Kyle Laws is based out of the Arts Alliance Studios Community in Pueblo, CO where she directs Line/Circle: Women Poets in Performance. Her collections include Ride the Pink Horse (Stubborn Mule Press, 2019), Faces of Fishing Creek (Middle Creek Publishing, 2018), This Town: Poems of Correspondence with Jared Smith (Liquid Light Press, 2017), So Bright to Blind (Five Oaks Press, 2015), and Wildwood (Lummox Press, 2014). With six nominations for a Pushcart Prize, her poems and essays have appeared in magazines and anthologies in the U.S., U.K., Canada, and France. Granted residencies in poetry from the Massachusetts Museum of Contemporary Art (MASS MoCA), she is one of eight members of the Boiler House Poets who perform and study at the museum. She is the editor and publisher of Casa de Cinco Hermanas Press.

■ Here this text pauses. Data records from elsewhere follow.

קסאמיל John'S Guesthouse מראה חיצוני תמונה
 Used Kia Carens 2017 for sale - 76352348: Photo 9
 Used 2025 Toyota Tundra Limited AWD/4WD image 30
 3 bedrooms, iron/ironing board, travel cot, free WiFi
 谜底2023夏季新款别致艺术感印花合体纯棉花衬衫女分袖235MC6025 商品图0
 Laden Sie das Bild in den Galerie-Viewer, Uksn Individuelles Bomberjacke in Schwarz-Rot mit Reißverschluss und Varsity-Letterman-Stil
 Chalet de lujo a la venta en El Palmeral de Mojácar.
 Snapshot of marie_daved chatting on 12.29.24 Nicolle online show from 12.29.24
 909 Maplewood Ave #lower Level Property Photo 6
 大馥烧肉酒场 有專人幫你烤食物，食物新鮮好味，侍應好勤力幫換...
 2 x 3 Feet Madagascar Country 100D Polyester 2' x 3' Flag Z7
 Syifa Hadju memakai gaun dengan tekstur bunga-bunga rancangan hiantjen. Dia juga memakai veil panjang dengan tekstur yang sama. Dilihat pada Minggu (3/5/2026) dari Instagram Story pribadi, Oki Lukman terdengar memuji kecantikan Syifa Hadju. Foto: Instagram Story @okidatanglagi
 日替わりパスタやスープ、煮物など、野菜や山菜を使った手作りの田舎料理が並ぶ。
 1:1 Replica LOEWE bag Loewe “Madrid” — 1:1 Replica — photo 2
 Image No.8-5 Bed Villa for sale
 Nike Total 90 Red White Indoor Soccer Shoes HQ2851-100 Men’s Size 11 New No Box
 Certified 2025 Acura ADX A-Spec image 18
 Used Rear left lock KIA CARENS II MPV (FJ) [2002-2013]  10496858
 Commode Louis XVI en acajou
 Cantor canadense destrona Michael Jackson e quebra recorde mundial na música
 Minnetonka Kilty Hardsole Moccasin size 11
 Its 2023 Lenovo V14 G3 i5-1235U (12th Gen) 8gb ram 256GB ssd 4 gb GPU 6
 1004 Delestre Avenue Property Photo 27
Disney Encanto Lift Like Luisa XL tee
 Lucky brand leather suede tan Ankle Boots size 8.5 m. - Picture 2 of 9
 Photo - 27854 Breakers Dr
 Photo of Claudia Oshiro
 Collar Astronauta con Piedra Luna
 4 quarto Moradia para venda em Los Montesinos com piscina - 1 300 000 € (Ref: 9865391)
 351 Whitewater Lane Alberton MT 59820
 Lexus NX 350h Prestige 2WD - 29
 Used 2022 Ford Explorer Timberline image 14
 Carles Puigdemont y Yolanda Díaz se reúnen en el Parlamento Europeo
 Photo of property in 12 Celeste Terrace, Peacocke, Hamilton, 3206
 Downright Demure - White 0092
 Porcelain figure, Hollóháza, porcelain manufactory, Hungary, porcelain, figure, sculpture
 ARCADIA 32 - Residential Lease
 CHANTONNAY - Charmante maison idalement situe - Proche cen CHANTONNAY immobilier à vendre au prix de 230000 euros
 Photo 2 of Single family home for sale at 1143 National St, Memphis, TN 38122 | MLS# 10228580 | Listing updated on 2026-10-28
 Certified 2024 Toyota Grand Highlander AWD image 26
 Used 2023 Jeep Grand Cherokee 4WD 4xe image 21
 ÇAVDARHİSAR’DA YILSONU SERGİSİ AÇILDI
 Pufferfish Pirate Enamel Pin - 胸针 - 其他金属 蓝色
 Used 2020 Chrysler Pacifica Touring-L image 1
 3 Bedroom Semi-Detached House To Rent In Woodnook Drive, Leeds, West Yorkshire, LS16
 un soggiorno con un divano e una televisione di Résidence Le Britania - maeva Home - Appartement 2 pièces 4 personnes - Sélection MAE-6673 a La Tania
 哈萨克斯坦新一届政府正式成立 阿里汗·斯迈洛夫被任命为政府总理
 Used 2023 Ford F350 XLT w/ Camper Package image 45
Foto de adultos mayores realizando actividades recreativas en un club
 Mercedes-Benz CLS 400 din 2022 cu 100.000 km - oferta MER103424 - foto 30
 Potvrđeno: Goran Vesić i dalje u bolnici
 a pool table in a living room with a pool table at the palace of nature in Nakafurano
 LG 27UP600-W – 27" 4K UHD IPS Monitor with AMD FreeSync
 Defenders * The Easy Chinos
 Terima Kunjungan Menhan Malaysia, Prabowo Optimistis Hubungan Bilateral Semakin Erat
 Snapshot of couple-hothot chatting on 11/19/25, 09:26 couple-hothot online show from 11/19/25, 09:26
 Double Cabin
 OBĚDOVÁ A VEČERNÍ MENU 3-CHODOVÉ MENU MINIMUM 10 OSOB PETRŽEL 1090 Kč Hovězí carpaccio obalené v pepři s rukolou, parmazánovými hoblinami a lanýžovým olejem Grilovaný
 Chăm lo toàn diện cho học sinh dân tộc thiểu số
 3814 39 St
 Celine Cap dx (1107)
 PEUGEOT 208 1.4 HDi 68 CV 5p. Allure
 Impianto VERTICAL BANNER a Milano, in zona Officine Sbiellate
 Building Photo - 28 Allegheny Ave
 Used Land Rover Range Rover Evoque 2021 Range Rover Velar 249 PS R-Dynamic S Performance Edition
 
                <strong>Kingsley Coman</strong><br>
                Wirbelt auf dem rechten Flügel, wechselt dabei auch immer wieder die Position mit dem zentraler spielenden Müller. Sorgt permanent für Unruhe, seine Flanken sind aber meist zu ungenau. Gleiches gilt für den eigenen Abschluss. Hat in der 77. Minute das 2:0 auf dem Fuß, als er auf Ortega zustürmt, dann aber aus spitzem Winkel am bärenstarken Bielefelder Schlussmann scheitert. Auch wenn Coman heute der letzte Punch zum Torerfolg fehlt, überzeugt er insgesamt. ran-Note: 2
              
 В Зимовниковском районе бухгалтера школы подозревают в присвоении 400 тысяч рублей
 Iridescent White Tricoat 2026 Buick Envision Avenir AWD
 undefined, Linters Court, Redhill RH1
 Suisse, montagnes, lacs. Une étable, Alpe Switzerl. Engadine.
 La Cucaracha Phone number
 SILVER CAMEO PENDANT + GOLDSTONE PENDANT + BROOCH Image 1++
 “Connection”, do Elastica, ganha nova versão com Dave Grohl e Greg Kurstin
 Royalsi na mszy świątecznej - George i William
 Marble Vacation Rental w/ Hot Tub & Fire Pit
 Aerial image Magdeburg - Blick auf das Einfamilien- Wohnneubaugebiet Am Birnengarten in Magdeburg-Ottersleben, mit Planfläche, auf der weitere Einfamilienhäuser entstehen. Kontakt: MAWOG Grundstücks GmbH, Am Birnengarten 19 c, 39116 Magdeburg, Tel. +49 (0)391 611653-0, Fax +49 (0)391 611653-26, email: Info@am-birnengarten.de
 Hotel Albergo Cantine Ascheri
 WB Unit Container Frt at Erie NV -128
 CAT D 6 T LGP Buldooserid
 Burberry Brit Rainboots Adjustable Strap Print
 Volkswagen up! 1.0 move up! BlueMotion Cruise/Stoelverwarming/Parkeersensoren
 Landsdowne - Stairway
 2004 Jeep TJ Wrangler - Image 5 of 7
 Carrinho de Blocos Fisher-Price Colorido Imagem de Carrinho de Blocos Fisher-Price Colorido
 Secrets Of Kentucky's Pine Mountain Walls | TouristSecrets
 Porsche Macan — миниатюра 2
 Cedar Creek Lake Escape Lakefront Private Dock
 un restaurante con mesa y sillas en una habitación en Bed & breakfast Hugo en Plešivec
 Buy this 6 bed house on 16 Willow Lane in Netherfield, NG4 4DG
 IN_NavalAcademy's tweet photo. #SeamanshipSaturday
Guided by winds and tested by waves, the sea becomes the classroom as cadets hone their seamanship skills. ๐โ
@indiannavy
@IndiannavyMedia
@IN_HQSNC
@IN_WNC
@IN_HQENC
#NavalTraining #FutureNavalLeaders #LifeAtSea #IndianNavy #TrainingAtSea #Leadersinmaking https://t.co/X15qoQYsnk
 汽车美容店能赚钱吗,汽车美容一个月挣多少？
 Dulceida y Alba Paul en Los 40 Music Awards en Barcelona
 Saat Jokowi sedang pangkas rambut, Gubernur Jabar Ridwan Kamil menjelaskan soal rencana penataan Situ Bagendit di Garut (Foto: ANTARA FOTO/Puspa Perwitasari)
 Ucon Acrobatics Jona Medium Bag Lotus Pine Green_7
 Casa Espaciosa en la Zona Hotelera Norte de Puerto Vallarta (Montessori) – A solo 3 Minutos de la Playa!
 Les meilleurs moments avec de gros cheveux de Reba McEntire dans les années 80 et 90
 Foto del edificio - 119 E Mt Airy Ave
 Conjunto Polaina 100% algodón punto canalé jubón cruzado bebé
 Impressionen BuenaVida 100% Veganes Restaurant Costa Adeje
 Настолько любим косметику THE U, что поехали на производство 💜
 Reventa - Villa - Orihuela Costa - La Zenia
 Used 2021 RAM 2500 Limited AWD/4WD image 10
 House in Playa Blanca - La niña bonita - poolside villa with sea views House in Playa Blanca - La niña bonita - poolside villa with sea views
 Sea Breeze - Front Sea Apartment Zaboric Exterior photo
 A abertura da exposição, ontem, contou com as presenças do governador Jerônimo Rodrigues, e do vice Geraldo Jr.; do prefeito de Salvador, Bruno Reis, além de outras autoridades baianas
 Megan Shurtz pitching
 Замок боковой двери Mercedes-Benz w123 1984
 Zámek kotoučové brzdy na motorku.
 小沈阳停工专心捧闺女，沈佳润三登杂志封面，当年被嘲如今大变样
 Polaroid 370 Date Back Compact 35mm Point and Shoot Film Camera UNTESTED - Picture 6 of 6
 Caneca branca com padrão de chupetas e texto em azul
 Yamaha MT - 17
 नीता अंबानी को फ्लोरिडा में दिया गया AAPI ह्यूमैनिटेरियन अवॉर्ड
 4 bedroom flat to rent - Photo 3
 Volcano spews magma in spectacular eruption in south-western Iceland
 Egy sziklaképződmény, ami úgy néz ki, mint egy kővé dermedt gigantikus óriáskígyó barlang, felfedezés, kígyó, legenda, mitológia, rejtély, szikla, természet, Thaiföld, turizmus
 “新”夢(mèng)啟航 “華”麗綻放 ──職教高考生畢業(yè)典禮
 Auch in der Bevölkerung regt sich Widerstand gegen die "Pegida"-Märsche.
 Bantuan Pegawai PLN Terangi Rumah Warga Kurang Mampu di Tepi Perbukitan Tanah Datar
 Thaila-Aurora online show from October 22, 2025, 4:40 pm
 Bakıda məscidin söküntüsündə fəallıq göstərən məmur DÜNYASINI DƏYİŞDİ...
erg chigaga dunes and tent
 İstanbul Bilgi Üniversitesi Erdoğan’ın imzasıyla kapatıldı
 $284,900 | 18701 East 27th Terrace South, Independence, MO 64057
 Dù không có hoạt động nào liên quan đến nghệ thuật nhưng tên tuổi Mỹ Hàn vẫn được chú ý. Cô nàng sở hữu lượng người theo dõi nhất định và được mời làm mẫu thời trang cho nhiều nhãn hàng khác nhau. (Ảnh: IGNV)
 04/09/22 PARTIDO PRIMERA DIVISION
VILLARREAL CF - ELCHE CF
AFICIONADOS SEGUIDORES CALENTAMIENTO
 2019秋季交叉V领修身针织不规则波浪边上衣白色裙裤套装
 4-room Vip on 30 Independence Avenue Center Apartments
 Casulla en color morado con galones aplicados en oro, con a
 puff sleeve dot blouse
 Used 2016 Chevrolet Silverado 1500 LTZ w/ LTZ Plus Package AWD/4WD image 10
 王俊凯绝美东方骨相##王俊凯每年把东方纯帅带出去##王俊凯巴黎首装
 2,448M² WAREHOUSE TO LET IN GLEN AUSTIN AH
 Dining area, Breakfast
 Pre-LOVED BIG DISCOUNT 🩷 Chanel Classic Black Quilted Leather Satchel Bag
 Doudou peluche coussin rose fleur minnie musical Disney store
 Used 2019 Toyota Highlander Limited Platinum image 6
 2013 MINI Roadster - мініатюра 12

When my mother went into a home and we were left to pack up hers,
all my Florida sister wanted was the Pyrex casserole,
the one that held weekly tuna noodle casseroles, summer ambrosia salads, lunchtime macaroni and cheese—even the kind with little pieces of hot dogs we kids didn’t like—and those terrible jello salads.
In that bowl, transparent and large, we three sisters learned to cook, mixing cookies and pancakes, soaking fruit for pies, and covering mom’s
famous Sunday dinner roll dough with a damp tea towel leaving it to rise
while mom sang all the while
over the potatoes on the stove.
My brother had packed it—so fast!—in with all the other pots and pans, the holiday mugs and water glasses and colanders, all the potato mashers. So many boxes, ceiling high and heavy.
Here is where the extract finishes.